Deuxièmement, bien que les autorités prônent le pastoralisme traditionnel, elles le sapent simultanément. Par le biais de lois, la mobilité est restreinte ; par exemple, les Massaï ne peuvent paître que dans certaines zones. L’accès aux zones de pâturage et aux points d’eau essentiels pendant la saison sèche est limité. Ce sont des exigences fondamentales pour le pastoralisme nomade. En conséquence, la productivité du pastoralisme a considérablement diminué.

Troisièmement, les communautés Massaï de la zone de conservation sont depuis longtemps privées de services sociaux, notamment d’éducation et de santé. Les investissements de l’État et d’autres acteurs dans les infrastructures sociales, comme les écoles et les hôpitaux, sont également entravés. L’appauvrissement auquel les Massaï sont confrontés en raison de ces politiques sert de justification à leur expulsion. Plus de 80 % de la population vit sous le seuil de pauvreté et près de 74 % de la population n’a aucune éducation formelle. Les autorités affirment que la réinstallation est dans l’intérêt des Massaï.

Ces tactiques ont ainsi rendu les Massaï plus vulnérables au déplacement et ont facilité l’appropriation de leurs terres. Marginalisés et appauvris, de nombreux Massaï se déplacent d’eux-mêmes ou sont contraints de se réinstaller « volontairement ».

Injustices liées à la conservation

La dépossession et les abus dont sont victimes les Massaï et d’autres communautés en Tanzanie soulèvent des questions urgentes sur les programmes mondiaux de conservation, le pouvoir de l’État et les droits des communautés locales.

Ce phénomène n’est pas propre à la zone de conservation de Ngorongoro ou à la Tanzanie. Des accaparements de terres et des expulsions similaires de communautés marginalisées, sous couvert de protection de la nature, se produisent dans de nombreux endroits du monde. Alors que l’inquiétude mondiale face à la perte de biodiversité s’intensifie, la volonté d’étendre les zones protégées prend de l’ampleur.

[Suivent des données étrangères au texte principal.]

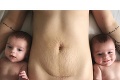 Telo čerstvej mamičky už nikdy nebude ako predtým: Trúfli by ste si zverejniť takú intímnu fotku?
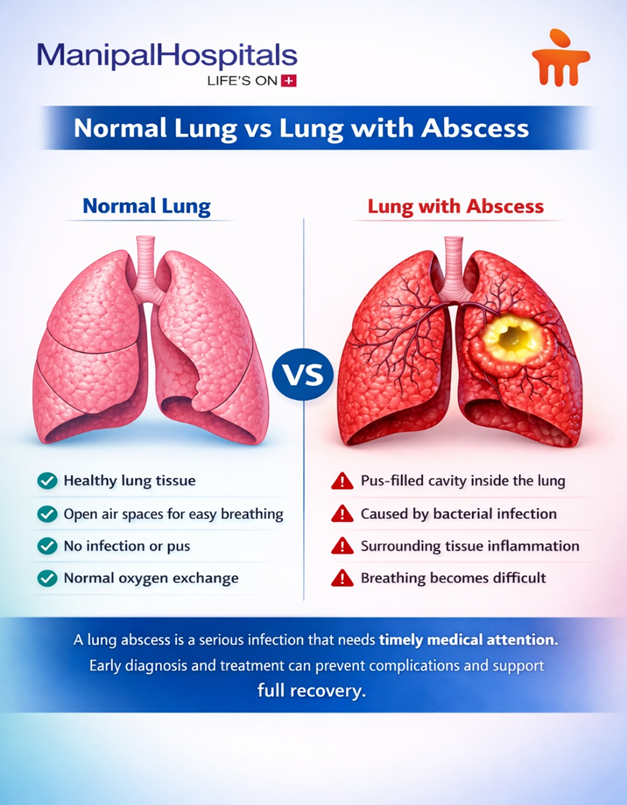 Lung Abscess: An Expert Guide to Symptoms, Diagnosis, and Treatment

Cependant, ces efforts de conservation masquent souvent des dynamiques de pouvoir qui aboutissent à la dépossession des populations vulnérables. Il est essentiel d’examiner comment ces politiques sont mises en œuvre au niveau local. Sans responsabilité et sans véritable inclusion des communautés locales, de telles initiatives risquent de perpétuer les inégalités et la perte de biodiversité qu’elles prétendent combattre.